OntoDSumm : Ontology based Tweet Summarization for Disaster Events

Piyush Kumar Garg,Roshni Chakraborty,Sourav Kumar Dandapat
DOI: https://doi.org/10.48550/arXiv.2201.06545
2022-11-19
Abstract:The huge popularity of social media platforms like Twitter attracts a large fraction of users to share real-time information and short situational messages during disasters. A summary of these tweets is required by the government organizations, agencies, and volunteers for efficient and quick disaster response. However, the huge influx of tweets makes it difficult to manually get a precise overview of ongoing events. To handle this challenge, several tweet summarization approaches have been proposed.
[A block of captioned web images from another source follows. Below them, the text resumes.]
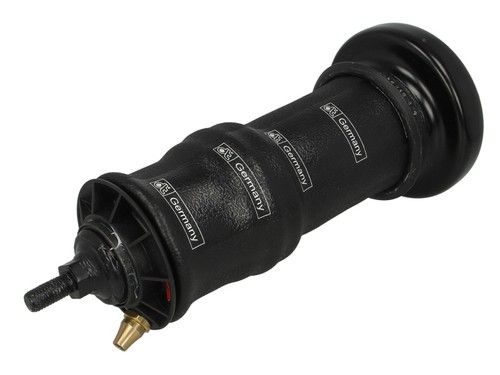 Driver cab suspension damper - cab,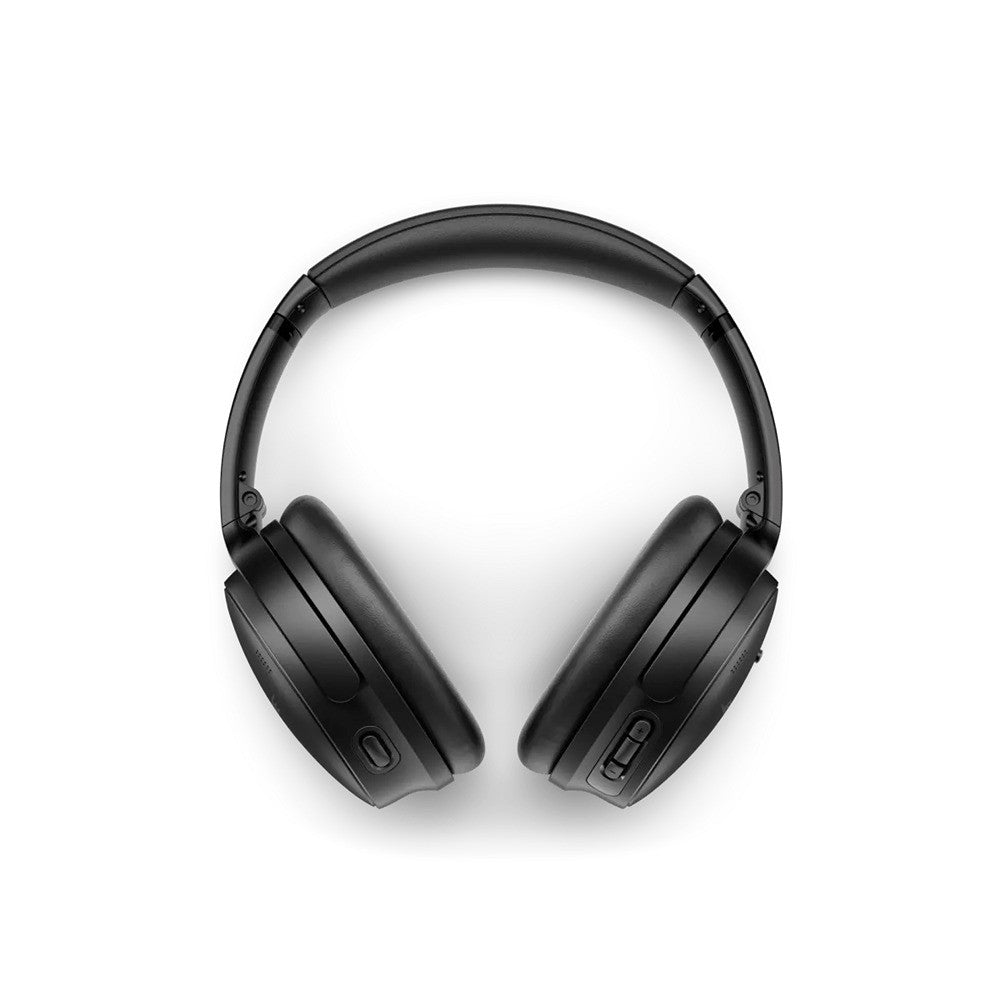 Bose Langattomat over-ear-Kuulokkeet QuietComfort Musta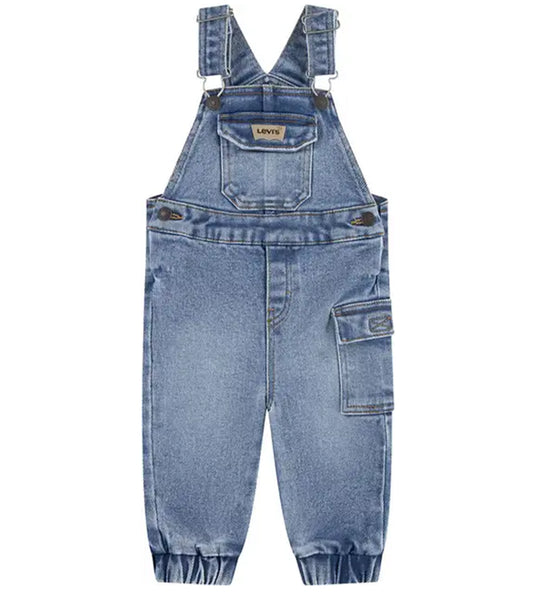 salopette levi's neonato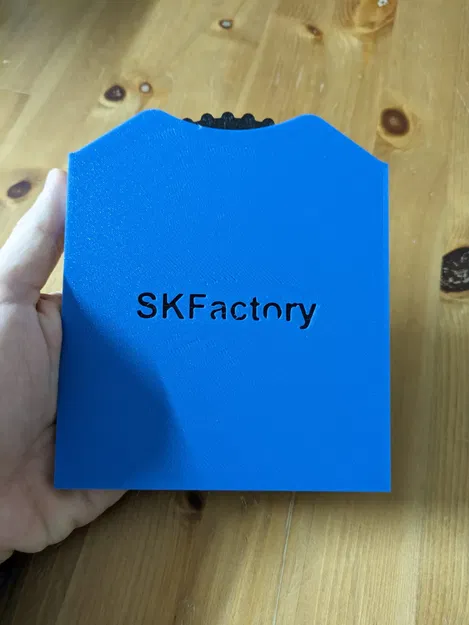 Đĩa Đỗ Xe Đơn Giản Cho Ô Tô - Image 2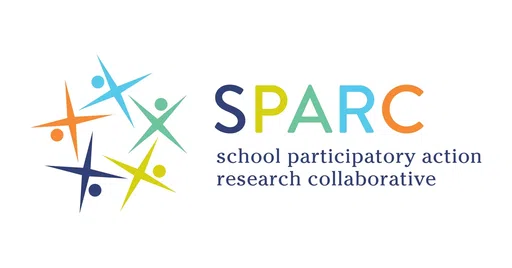 SPARC-Center for the Study of Boys and Girls Lives logo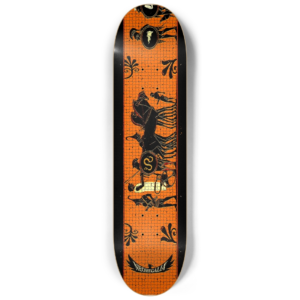 image_9dbcdc7a-5e76-44f5-984c-bde499f3ead4.png DV8SKATE X NEOREGALIA DECK 8.25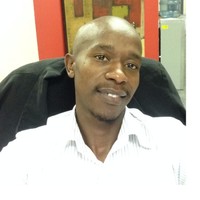 Sibusiso Collen Zwane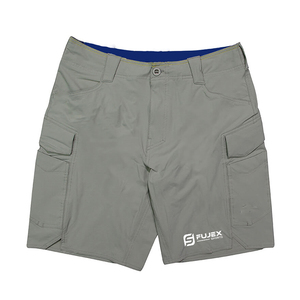 Pantalones Cortos de Pesca de Diseño Único, Impresos, Transpirables, Impermeables, Hechos a Medida, de Alta Calidad, con Precio de Fábrica - Product Image 3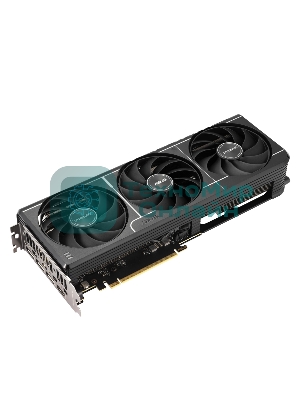 Видеокарта ASUS GeForce RTX 5060 Ti PRIME OC, NVIDIA RTX 5060 Ti, 16 ГБ GDDR7, 128 бит, PCI-e 5.0, 1xHDMI, 3xDP, 2647 МГц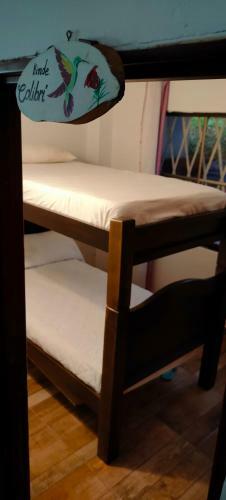 Hostal El Mocambo Cali Hostel And Guest House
In most of the existing literature, tweet summarization is broken into a two-step process where in the first step, it categorizes tweets, and in the second step, it chooses representative tweets from each category. There are both supervised as well as unsupervised approaches found in literature to solve the problem of first step. Supervised approaches requires huge amount of labelled data which incurs cost as well as time. On the other hand, unsupervised approaches could not clusters tweet properly due to the overlapping keywords, vocabulary size, lack of understanding of semantic meaning etc. While, for the second step of summarization, existing approaches applied different ranking methods where those ranking methods are very generic which fail to compute proper importance of a tweet respect to a disaster. Both the problems can be handled far better with proper domain knowledge. In this paper, we exploited already existing domain knowledge by the means of ontology in both the steps and proposed a novel disaster summarization method OntoDSumm. We evaluate this proposed method with 4 state-of-the-art methods using 10 disaster datasets. Evaluation results reveal that OntoDSumm outperforms existing methods by approximately 2-66% in terms of ROUGE-1 F1 score.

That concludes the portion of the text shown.